[DATA SHOWN]
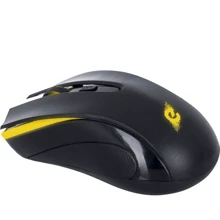 Мышь ERGO NL-420 Black: Интерфейс подключения USB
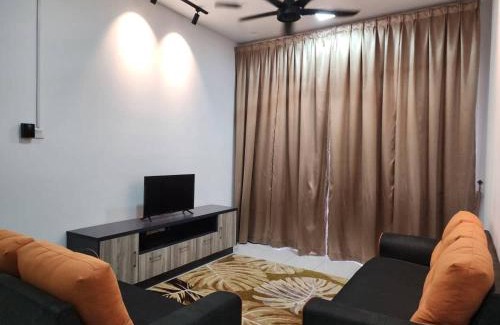 Kajang Apartment | Flora Rozel Homestay, Bangi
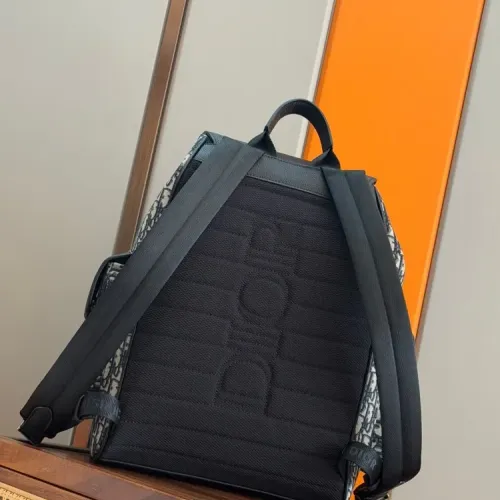 Replica Christian Dior AAA Man Backpacks #1440503 $235.00 USD for Wholesale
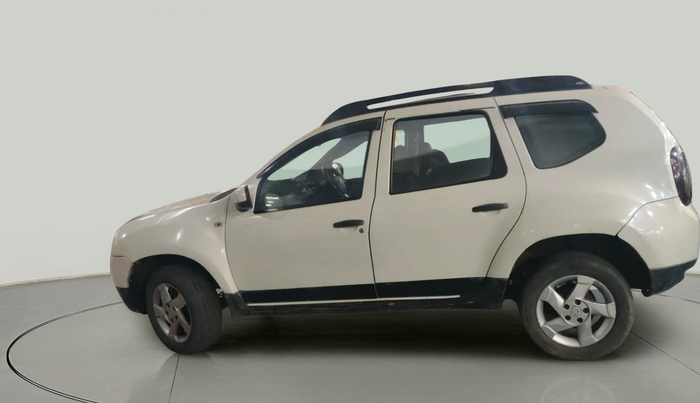 2015 Renault Duster 85 PS RXL DIESEL, Diesel, Manual, 90,551 km, exterior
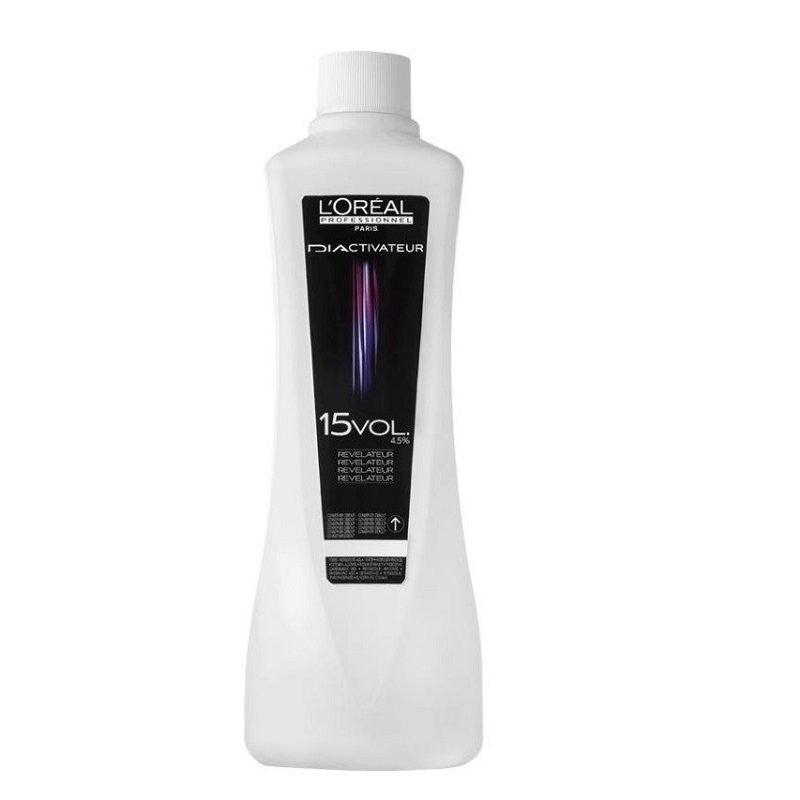 Loreal Diacolor Dia Richesse hapetin 1,8 % 2,7 % 4,5 % 1000 ml 4,5 %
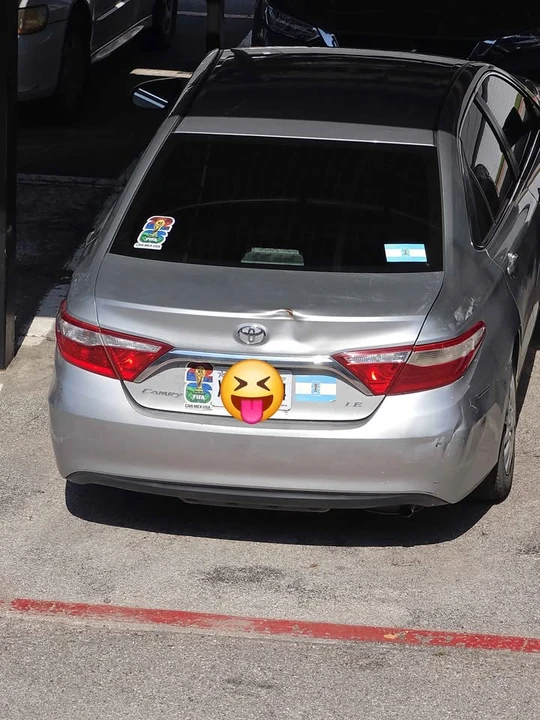 2016 Toyota Camry 7th Gen - Image 3 of 3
[/DATA SHOWN]
**INSTRUCTIONS TO FOLLOW:**
Take the line that contains "Loreal Diacolor Dia" and every line after it down to the last line of the entries above, and output them exactly, with nothing else and no pictures.

**EXERCISE ANSWER:**
 Loreal Diacolor Dia Richesse hapetin 1,8 % 2,7 % 4,5 % 1000 ml 4,5 %
 2016 Toyota Camry 7th Gen - Image 3 of 3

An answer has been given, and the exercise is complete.